> _DATA SHOWN_
^^^^

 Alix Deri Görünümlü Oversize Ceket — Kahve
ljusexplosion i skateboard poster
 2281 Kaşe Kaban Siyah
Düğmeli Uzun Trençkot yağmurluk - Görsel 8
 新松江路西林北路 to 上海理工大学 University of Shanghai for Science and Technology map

^^^^

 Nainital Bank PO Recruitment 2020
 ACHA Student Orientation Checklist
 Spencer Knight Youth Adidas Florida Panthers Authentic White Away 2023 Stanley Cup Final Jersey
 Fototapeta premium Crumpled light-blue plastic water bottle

^^^^

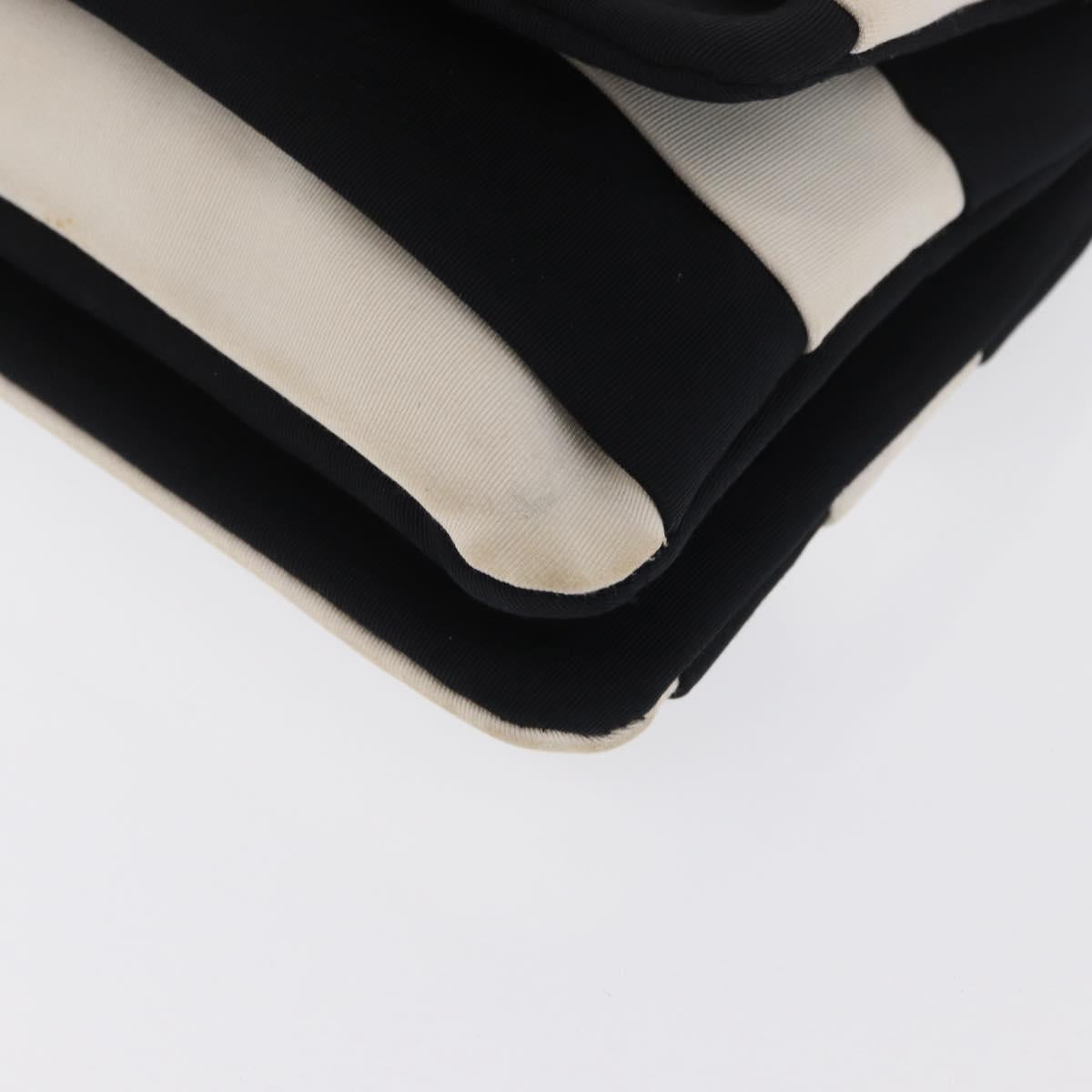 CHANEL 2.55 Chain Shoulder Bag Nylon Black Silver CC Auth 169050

^^^^

> _TASK GOAL_
Given the records above, return exactly the lines starting at the line containing "Alix Deri Görünümlü Oversize Ceket — Kahve" and ending at the line containing "新松江路西林北路 to 上海理工大学", including both.

> _TASK OUTPUT_
 Alix Deri Görünümlü Oversize Ceket — Kahve
ljusexplosion i skateboard poster
 2281 Kaşe Kaban Siyah
Düğmeli Uzun Trençkot yağmurluk - Görsel 8
 新松江路西林北路 to 上海理工大学 University of Shanghai for Science and Technology map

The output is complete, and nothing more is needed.